While the digital oilfield future looks assured, the path to its full introduction and widespread application is not at all straightforward despite recent technological advancements. As with most new technologies, there is more to their application than just the associated software and hardware. Many oil companies have, and continue to struggle with their ability to integrate the vast amount of data from different sources many of which operate on different IT platforms. To address this, attempts have been made to standardise data flows. A prototype of a standard for drilling data and applications dubbed ‘Wellsite Information Transfer Standard Markup Language’ was released in 2001 under a collaborative effort by most of the oil and gas majors and became widely adopted. A programme to develop a follow-up standard ‘PRODML’ was launched in August 2005 by, among others, BP, Statoil, Shell, Chevron, ExxonMobil, Halliburton and Schlumberger. Its aim was to be a low cost, low risk yet highly innovative environment for the configuration and running of advanced optimisation processes. PRODML version 1.0 was launched in July 2006. This is already helping the industry move closer to the concept of the digital oilfield.
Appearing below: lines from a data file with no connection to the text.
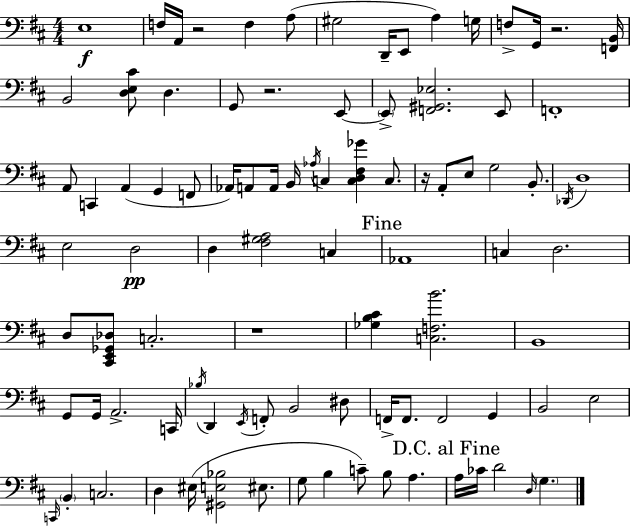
X:1
T:Untitled
M:4/4
L:1/4
K:D
E,4 F,/4 A,,/4 z2 F, A,/2 ^G,2 D,,/4 E,,/2 A, G,/4 F,/2 G,,/4 z2 [F,,B,,]/4 B,,2 [D,E,^C]/2 D, G,,/2 z2 E,,/2 E,,/2 [F,,^G,,_E,]2 E,,/2 F,,4 A,,/2 C,, A,, G,, F,,/2 _A,,/4 A,,/2 A,,/4 B,,/4 _A,/4 C, [C,D,^F,_G] C,/2 z/4 A,,/2 E,/2 G,2 B,,/2 _D,,/4 D,4 E,2 D,2 D, [^F,^G,A,]2 C, _A,,4 C, D,2 D,/2 [^C,,E,,_G,,_D,]/2 C,2 z4 [_G,B,^C] [C,F,B]2 B,,4 G,,/2 G,,/4 A,,2 C,,/4 _B,/4 D,, E,,/4 F,,/2 B,,2 ^D,/2 F,,/4 F,,/2 F,,2 G,, B,,2 E,2 C,,/4 B,, C,2 D, ^E,/4 [^G,,E,_B,]2 ^E,/2 G,/2 B, C/2 B,/2 A, A,/4 _C/4 D2 D,/4 G,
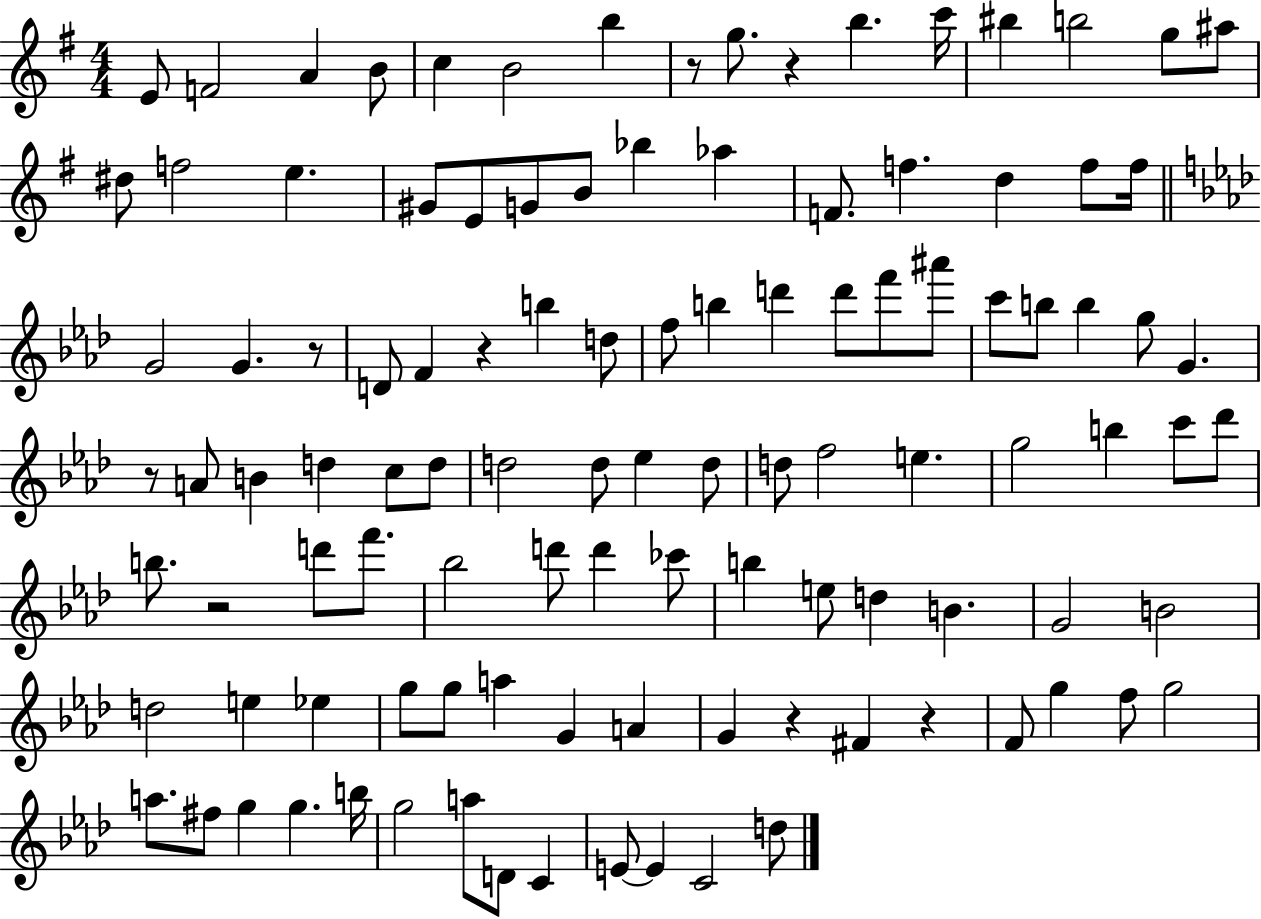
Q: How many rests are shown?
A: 8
There are other projects underway to address the data issue. For example, the Aberdeen, Scotland-based Digital Energy Exchange. This is a collaborative joint venture between several small and medium sized enterprises, who believe that “an independent, industry recognised, data exchange service is key to the realisation of the next upstream performance step change”. It says there are several reasons why the prospect of the digital oilfield is taking longer to become a reality than had been anticipated. These include: a lack of focus on people and processes and too much on the software involved; a lack of integration; too much haste to aim for a fully linked integrated model before fundamental issues have been addressed; a lack of scalability; and difficulty in sustaining momentum.
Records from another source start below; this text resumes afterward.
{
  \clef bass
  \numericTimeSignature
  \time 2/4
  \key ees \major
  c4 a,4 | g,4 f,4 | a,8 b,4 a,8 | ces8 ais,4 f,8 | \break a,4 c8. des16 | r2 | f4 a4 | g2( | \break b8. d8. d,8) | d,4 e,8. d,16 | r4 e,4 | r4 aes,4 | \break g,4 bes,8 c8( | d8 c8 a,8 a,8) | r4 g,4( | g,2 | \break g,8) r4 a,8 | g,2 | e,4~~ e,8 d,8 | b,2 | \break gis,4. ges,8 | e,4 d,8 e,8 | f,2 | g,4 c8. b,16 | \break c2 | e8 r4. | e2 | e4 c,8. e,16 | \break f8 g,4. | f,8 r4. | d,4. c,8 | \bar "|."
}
It appears that many of the challenges that have arisen on the road to the digital oilfield are on human level. The vast amount of data and its complexity require new skills and capabilities within a company to analyse them. Also, as many of the well monitoring functions become located at some distances away from the actual field site, there have been concerns that this could give rise to a loss of local familiarity with the well.
As Deloittes puts it: “Many impressive claims have, and continue to be made as to the delivered benefits of digital oilfield programmes but […] appropriate and well-thought through key performance indicators must be established up-front to ensure that the programme benefits are clearly distinguishable from other production or cost impacts.”
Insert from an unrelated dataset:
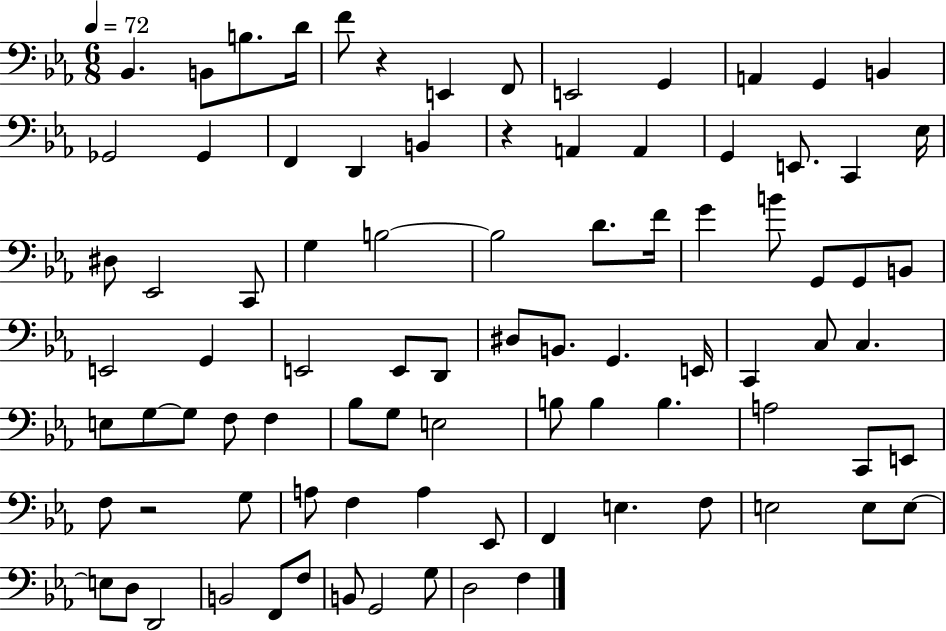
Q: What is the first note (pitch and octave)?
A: Bb2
Ensuring the energy industry has the skills to cope with the new data demands is being addressed by the Society of Petroleum Engineers (SPE) through its IT Technical Section which is described as being “about the digital oilfield, connecting sub-surface to field operations and determining how best to enable a new kind of business and a new breed of professionals”. The Section held its first meeting in 2006 and plans to focus on: systems integration; professional development; information security; and industry forums to promote knowledge sharing, training and best practices.
While it may not yet be a fully established concept, the digital oilfield is fast becoming a reality and the practices associated with it are improving all the time. Ultimately it will succeed because the bottom line is that it means billions of barrels of oil that would not otherwise have been exploited will become accessible. And, as is already being demonstrated, digital technologies are already leading to more productive wells and more efficient field operations.